Con una vittoria di misura del 52% al termine di un Referendum popolare del giugno 2016, il Regno Unito decise per la Brexit, cioè l’uscita della Gran Bretagna dall’Unione europea.
Alla contrarietà degli scozzesi ovvero alla iniziale e sostanziale incertezza dell’operazione nel suo complesso, oggi si aggiungono ulteriori malumori delle gente comune, che comincia a meglio comprendere gli effetti della eventuale uscita dall’Europa in termini economici.
Se prima sembrava decisamente un fatto ideologico, promosso e perseguito dal Masaniello d’oltre Manica, al secolo Nigel Paul Farage e dall’ex sindaco di Londra, al secolo Boris Johnson, se si rivotasse oggi la storia sarebbe decisamente diversa.

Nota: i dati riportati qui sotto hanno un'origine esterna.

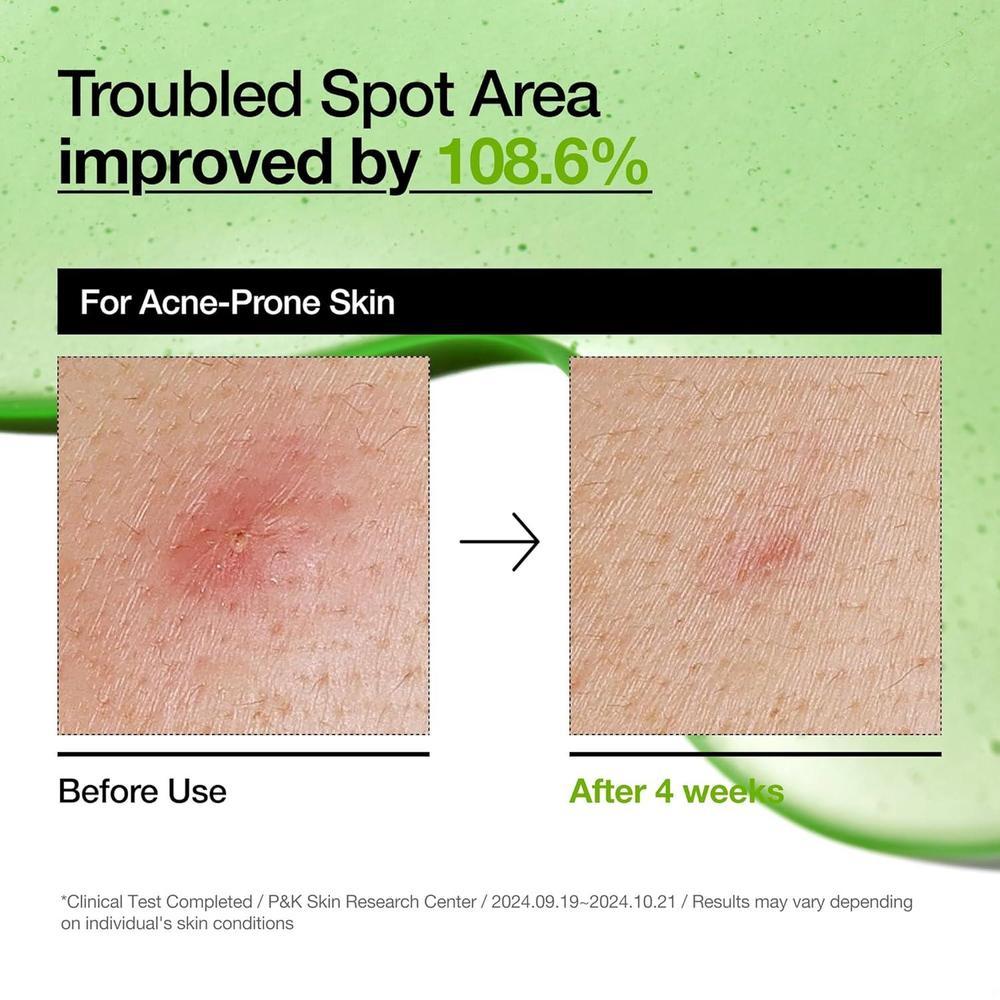 Azelaic Acid 10 Serum For Sensitive Skin 30ml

Il nostro ambasciatore nel Regno Unito – Pasquale Terracciano – in una recente intervista ad un importante giornale inglese ha sussurrato l’ipotesi di un ripensamento annullando gli effetti dell’uscita, si torna indietro ammettendo l’errore.
Che sia stato un errore per le tante multinazionali, non solo dell’alta finanza che sono oggi alla ricerca di una nuova sede, è ormai un fatto acclarato e questo non potrà che produrre effetti negativi sul piano economico ed occupazionale oltre sull’appeal della capitale londinese da parte degli investitori esteri.
Tornare indietro, significherà in primo luogo sconfessare la politica secessionista perseguita da Farage, o meglio la politica demagogica e populista, assolutamente priva di alcuna progettualità politica e di governo di lungo respiro, di cui l’Italia conosce bene i protagonisti a cominciare dal Movimento 5 Stelle.
Insomma, se il progetto dell’uscita dovesse fallire e in Europa sono tanti ad auspicarlo, tanto le grandi imprese che le stesse Istituzioni, l’Unione Europea ne uscirebbe rafforzata nella misura in cui riuscirà a proporre ed attuare una politica economica e monetaria in grado di migliorare le condizioni della gente comune, riducendo le diseguaglianze e gestendo meglio il grande fenomeno della “immigrazione” e della “sicurezza”.
L’Europa, dopo le grandi guerre del secolo scorso, è stata fondata su valori e progetti condivisi che certamente non possono e non devono essere messi in discussione dal primo “Quisque de populo” che capita.
A questo punto, con i negoziati in corso cominciamo ad immaginare una Brexit al contrario.
Con la promessa di fare di più e meglio, ne saremo tutti più felici.
Sbagliare è umano, soprattutto quando si deve decidere la sorte di un Paese (Referendum costituzionale 4 dicembre 2016 docet).